Work item: From the first line to the last, transcribe the data exactly.

Supplied information:
----------
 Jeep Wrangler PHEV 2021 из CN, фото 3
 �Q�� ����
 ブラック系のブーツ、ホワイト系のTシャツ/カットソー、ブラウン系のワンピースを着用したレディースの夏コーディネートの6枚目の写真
----------
Your response:
 Jeep Wrangler PHEV 2021 из CN, фото 3
 �Q�� ����
 ブラック系のブーツ、ホワイト系のTシャツ/カットソー、ブラウン系のワンピースを着用したレディースの夏コーディネートの6枚目の写真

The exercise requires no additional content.